All the hype around companies becoming ‘data-driven’ might give one the impression that organizations’ analytics engines are well-oiled machines. In fact, for most organizations, the images of analysts rapid-firing data-backed prescriptions to the latest developments couldn’t be further from the truth. More often than not, going from business problem to data-driven solution is a lengthy, complicated process--so much so that often by the time an answer is provided, the question itself has changed.
So what really goes on? Here’s a snapshot of how the proverbial data ‘sausage’ is made.
Finding the data
The analyst must first determine what tables hold the data required to answer the question, and where they reside. At best this involves extensive keyword searching, and if they’re lucky, the right keywords are attached to the dataset. Often, however, the right keywords aren’t even attached to the dataset, and so the analyst has to do significant detective work to discover the exact name of the tables they're hunting for.

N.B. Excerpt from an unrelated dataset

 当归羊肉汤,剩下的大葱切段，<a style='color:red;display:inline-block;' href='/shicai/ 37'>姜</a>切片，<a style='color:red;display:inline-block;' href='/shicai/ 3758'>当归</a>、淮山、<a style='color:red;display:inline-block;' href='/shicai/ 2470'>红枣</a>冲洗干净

Compounding this issue is the fact that many companies employ multiple databases, data warehouses and data lakes. If the data sprawls OracleDB, Teradata and Hadoop, it may be difficult to compile the information to answer what should be a straightforward question.
Moving the data
The next step typically involves creating a copy of all the required sources of data in a repository that your BI tools have access to. Aside from the time and resources this requires, as well as the computing power required to forklift larger datasets, this creates issues of version control. If you’re working on a copy of the data, an update to the original won’t make it into your analysis.
Deciding which version of ‘the truth’ is true
Assuming you locate all the data you need, there now arise issues of duplicates and overlapping datasets. At this point the analyst has to ask: which tables are the most accurate and up-to-date? Which will require the least preprocessing before analysis can be performed?
Compounding the difficulty are issues with regulatory compliance or customer data privacy that need to be resolved before the data is analyzed. As GDPR, CCPA and other government and industry regulations pose heavy penalties for lack of governance and insight, data that isn’t properly governed can bring a project to a grinding halt.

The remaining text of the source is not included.